In dask distributed, tasks are distributed over a cluster nodes via scheduler. I'm looking to introduce a per node dependency on task submitted to a node. Briefly, a compute operation that I'm seeking to perform needs to:
I also want to enqueue (1) and (2) multiple times multiple times on differing datasets.
I've tried to set this up as a minimal example:
from __future__ import print_function
import dask.array as da
from dask.base import tokenize
from distributed import (Client, LocalCluster,
get_worker, as_completed)
import numpy as np
cluster = LocalCluster(n_workers=0)
cluster.start_worker(name="Alice")
cluster.start_worker(name="Bob")
cluster.start_worker(name="Eve")
with cluster, Client(cluster.scheduler_address) as client:
workers = client.scheduler_info()['workers'].values()
workers = [v['name'] for v in workers]
print("Workers {}".format(workers))
def init_worker():
get_worker()._stuff = 0
return "OK"
# Call init_worker on each worker. Need pure to
# ensure this happens multiple times
init_futures = [client.submit(init_worker, pure=False,
workers=[w])
for w in workers]
assert all(f.result() == "OK" for f in as_completed(init_futures))
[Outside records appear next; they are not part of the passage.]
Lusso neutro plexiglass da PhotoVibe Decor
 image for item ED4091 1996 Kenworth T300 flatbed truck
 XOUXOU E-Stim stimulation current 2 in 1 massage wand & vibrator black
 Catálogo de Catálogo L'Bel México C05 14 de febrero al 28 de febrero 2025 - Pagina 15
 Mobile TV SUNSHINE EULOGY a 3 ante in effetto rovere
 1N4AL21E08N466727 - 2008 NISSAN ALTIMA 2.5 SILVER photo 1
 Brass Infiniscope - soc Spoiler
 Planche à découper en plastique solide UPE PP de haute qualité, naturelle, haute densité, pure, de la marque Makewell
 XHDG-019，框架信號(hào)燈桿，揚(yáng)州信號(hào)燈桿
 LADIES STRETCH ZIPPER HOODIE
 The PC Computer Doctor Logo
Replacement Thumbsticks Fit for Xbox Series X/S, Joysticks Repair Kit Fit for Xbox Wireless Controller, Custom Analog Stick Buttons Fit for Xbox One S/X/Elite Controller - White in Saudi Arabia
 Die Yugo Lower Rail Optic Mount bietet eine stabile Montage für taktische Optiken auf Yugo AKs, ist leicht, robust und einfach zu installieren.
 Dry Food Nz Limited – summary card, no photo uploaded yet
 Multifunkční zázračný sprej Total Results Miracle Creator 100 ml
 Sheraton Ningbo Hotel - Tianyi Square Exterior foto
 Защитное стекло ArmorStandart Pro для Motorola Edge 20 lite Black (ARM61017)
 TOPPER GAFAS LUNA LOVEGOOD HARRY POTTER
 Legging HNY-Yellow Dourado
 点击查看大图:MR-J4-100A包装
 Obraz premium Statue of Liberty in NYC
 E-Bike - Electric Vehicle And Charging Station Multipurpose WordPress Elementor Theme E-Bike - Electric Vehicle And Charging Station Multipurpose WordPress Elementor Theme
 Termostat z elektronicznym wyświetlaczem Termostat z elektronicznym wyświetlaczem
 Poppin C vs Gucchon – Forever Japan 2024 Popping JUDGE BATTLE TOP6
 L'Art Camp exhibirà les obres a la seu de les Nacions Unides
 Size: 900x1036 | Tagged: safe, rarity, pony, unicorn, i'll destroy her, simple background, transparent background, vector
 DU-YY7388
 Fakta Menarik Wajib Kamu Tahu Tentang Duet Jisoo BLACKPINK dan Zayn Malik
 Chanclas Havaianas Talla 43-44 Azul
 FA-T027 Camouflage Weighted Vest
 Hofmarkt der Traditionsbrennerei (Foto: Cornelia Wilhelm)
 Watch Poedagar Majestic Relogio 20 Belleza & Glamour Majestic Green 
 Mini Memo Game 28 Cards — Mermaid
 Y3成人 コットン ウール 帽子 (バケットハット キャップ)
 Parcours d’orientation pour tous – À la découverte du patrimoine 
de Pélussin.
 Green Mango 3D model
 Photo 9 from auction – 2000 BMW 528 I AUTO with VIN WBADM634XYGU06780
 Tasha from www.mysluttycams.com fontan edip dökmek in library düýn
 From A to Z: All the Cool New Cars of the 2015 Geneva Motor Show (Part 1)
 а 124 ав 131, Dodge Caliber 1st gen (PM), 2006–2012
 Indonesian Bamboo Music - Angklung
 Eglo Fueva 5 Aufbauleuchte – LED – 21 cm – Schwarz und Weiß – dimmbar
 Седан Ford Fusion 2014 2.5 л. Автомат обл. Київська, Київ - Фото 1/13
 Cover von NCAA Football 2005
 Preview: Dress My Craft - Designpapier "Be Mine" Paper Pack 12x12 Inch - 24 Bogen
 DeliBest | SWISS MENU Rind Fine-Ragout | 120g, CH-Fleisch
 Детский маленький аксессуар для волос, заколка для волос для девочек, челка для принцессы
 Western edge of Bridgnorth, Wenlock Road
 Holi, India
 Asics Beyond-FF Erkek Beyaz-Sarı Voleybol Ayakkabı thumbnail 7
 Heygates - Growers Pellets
A = da.arange(0, 20, chunks=(5,), dtype=np.float64)
def inc_worker(A):
w = get_worker()
w._stuff += 1
print("{}[{}]".format(w.name, w._stuff))
return A + w._stuff
def increment(A):
""" Call inc_worker """
from dask.base import tokenize
name = 'increment-' + tokenize(A)
dsk = { (name, i): (inc_worker, (A.name, i))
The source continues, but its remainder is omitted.